Saturday, June 30, 2007

PICS v. SSD - Outlines

[NOTE: I have decided to post this piecemeal. The Roberts, Thomas, Kennedy, and Stevens outlines are posted. I'm starting to read the Breyer novel opinion.]

Below are outlines (literal, not law school) of the arguments made by the various opinions. I have endeavored to be as neutral and fair as possible in my presentation of the arguments, as that is the only way to later have a meaningful discussion. These outlines are, admittedly, quite lengthy, but so were the opinions - hence the necessity.

Schools' Plans


Incoming 9th graders rank preferences of high schools. Students are assigned based on first preference. If (and only if) a school is oversubscribed, the school uses the following assignment method (in this order):
  1. Assign to the school attended by an older sibling
  2. If, and only if, the school is not within 15% of the district's demographics, look to student's race (white or nonwhite) to ensure school is within 15% of district demographics. (There is a discrepancy between opinions as to 10% or 15% - it began as 10% and was changed to 15% prior to this challenge)
  3. Assign based on geographic proximity
  4. After the freshman year, students were free to transfer schools.
Jefferson County

All non-magnet schools must be 15-50% African-American. Incoming kindergarteners assigned a school based on address. Students may request a 1st and 2nd choice. Decision based on space and whether is would violate the racial percentages above. Students may later request a transfer, subject to the same restrictions.

Roberts Opinion
(Majority opinion for I, II, IIIA, and IIIC; plurality opinion for IIIB and IV)
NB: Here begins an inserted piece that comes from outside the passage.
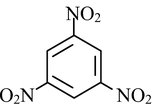 Summary Of Substitutent Effects On Orientation And Reactivity
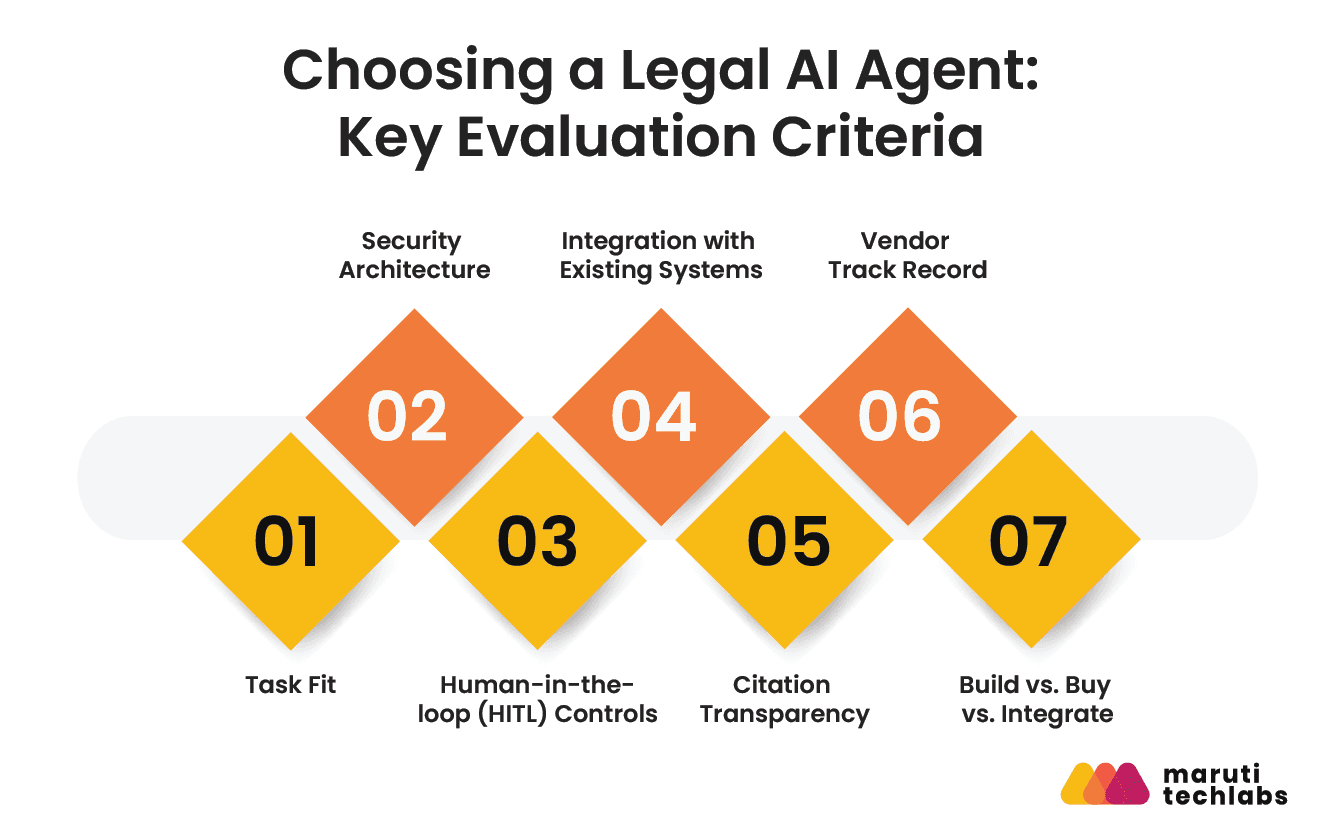 choosing a legal ai agent key evaluation criteria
Plaintiffs have standing. The injury is "being forced to compete in a race-based system that may prejudice the plaintiff." The parents have younger children that may be forced to do so because there is nothing stopping the districts from re-instituting the plans.


When the government burdens or benefits individuals on the basis of racial characteristics, the court uses strict scrutiny. To satisfy that, the government must show (1) the plan is narrowly tailored (2) to meet a compelling government interest.

There are two possible compelling government interests in situations like this: (1) "remedying the effects of past intentional discrimination" and (2) interest in diversity in higher education. Neither is applicable.
  • In Seattle, no past intentional discrimination
  • In Jefferson County, the district court declared it remedied in 2000
  • Diversity is more than just race; here where race enters it is decisive
  • Grutter focused on conditions unique to higher education, namely the expansive freedom of speech and thought

The additional asserted interest are the educational and broader socialization benefits from a racially diverse learning environment. These benefits are irrelevant, however, because the plans are not narrowly tailored to them.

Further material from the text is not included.